A study done by CoreLogic revealed that home equity had grown by about 12.1% in the second quarter of 2018. This represents about $1 trillion which is also $16,200 for every home.
TransUnion predicted that about 10 million USA citizens would have access to the home equity line of credit from 2018 to 2022. This shows how demanding this product is and it is increasing gradually with time.
There are many factors, those will determine, how home equity debt is taken on by consumers. First consumers should be aware of primary knowledge about home equity loan and what they are. Further, you require to identify the consumers who need them. Finally, it is not possible to ignore the role of technology in the marketing of these loans, particularly to millennials.
You’ll also need to know how and where potential customers would prefer to take out home equity loans. Major banks take up the largest market share at about 50%, credit unions take about 14% while mortgage brokers take up 9%.
Why Do Homeowners Seek Home Equity?
Back in the day, homeowners sought home equity as a line of credit, but for far more trivial purposes, including luxurious vacations and other high life symbols.
Today, consumers are taking home equity for more serious issues. According to Phoenix Synergistics, about 40% of homeowners used funds from home equity lines of credit for home repairs and improvements. Another 23% of the borrowers used the funds for emergency purposes, while an additional 22% used this money to pay off and consolidate debts.
Get onto the Homeowner’s Court
It’s important to create a relationship between the homeowner, seeking home equity, and the lender. In fact, it’s an advantage if the non-collateral loan lender offering the equity is the same one who offered the mortgage without further collateral as previous security used while mortgage do the job for them. In addition, you’ll score more points if you also offer a checking account. Therefore, it’s advantageous to the lender to offer home equity credit to an existing mortgage customer.
Such options offer available opportunities for lenders to market home equity products to checking account owners and mortgage borrowers.
Large banks take up a huge market share of the home equity lending business, thanks to their physical branches spread out across the country. This poses a challenge to smaller lenders, meaning they have to upscale their local connections and knowledge.
- According to Phoenix Synergistics, a lender with a better understanding of a local market might provide a huge advantage over a lender from out of town. This is the way many customers think. In fact, whether or not a lender had local offices ranked high among the top considerations of those seeking home equity.
Research done by the same firm showed that home equity seekers don’t search around, even with the availability of information on the internet. Another research by J.D. Power showed that about 80% of home equity line of credit borrowers start by looking before soliciting. Another half of those looking around for credit lines and those looking for closed-end equity loans only check out a single lender.

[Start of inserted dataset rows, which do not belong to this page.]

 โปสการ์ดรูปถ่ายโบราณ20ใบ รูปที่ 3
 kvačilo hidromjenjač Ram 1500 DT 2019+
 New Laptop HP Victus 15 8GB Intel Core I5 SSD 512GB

With these revelations, home equity lenders are using email marketing and direct mail in an attempt to market their products to potential customers. While marketing home equity products, you need to remember these things:
- Stress the fact that equity can be flexible and a smart financial tool.

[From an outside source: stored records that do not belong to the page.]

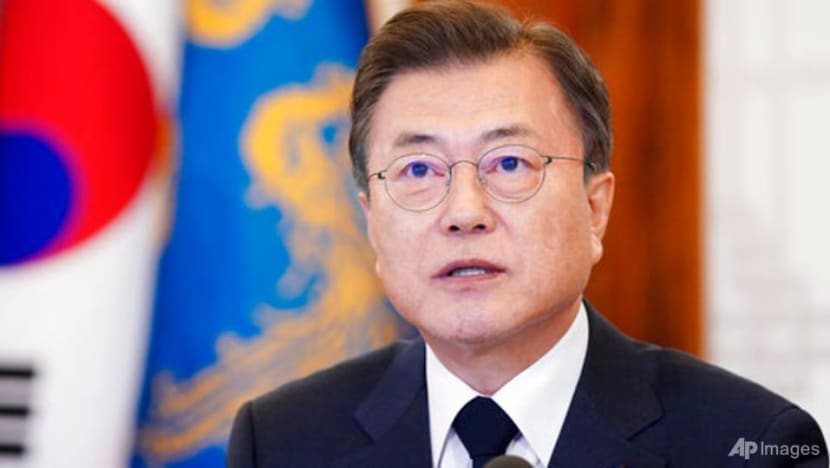 Japan denies reports of South Korean president's visit, summit during Olympics Japan denies reports of South Korean president's visit, summit during Olympics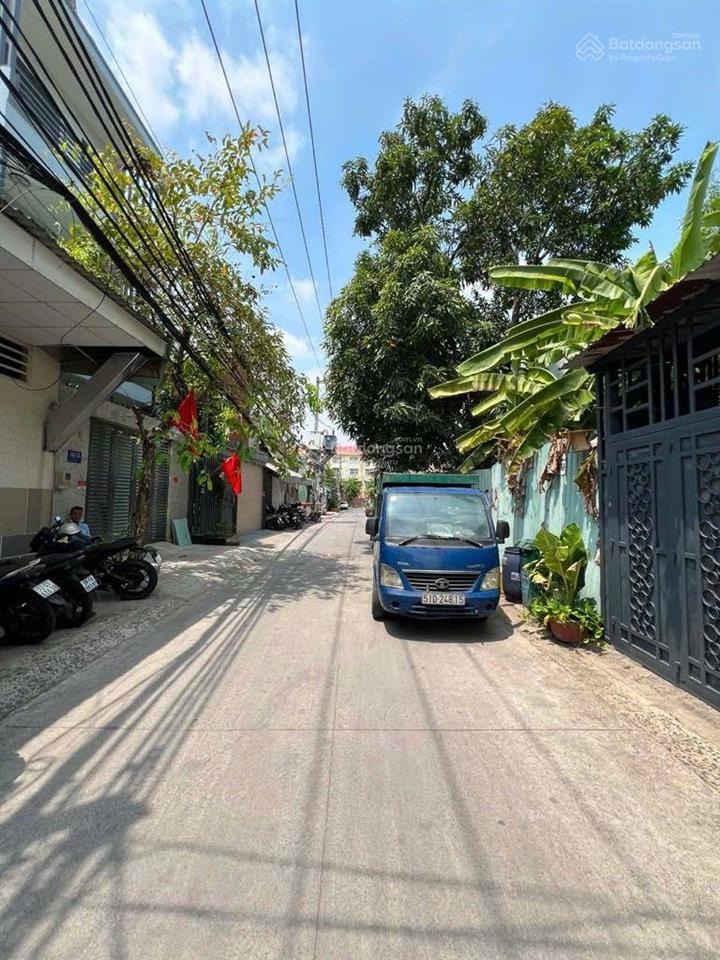 5 tầng 5pn hoàn công đủ  hẻm xe tải 8m 77m2  dương thị mười chỉ hơn 5 tỷ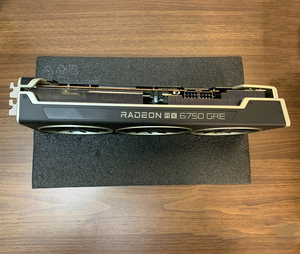 RX 6750GRE 12GB OC PC Card 192bit Video Card for Desktop GDDR6 VGA Gaming Computer Graphics <b>Fan</b> <b>Cooler</b> - Product Image 3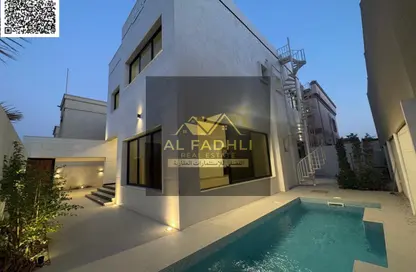 فيلا - 4 غرف نوم - 5 حمامات للبيع في 1  الروضة - الروضة - عجمان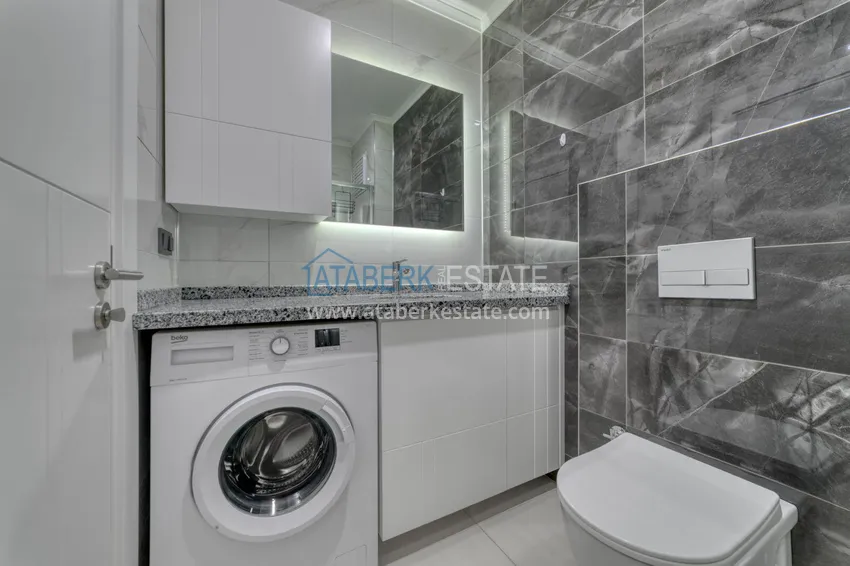 Kupuj Apartament pod klucz z dwiema sypialniami w Mahmutlar w nowoczesnym kompleksie 22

- Make sure you incorporate competitive rates
- Create a limited time offer to show its important
- Be clear about what you are selling. Don’t attempt a cross sell in one message.
- Use various seasons to your advantage, like in January when people are paying off holiday debts
Use Various Digital Platforms
Technology has revolutionized banking and lending to a great extent. As a matter of fact, because of the internet, online lenders have grabbed a huge market share of the business. Home equity loans are no different.
Lenders, especially traditional ones such as banks, should incorporate digital platforms to change customer perception. Such platforms provide one-on-one interactions, making consumers feel valued by lenders. As a result, the consumer is likely to take on the advice offered by the lender as gospel truth.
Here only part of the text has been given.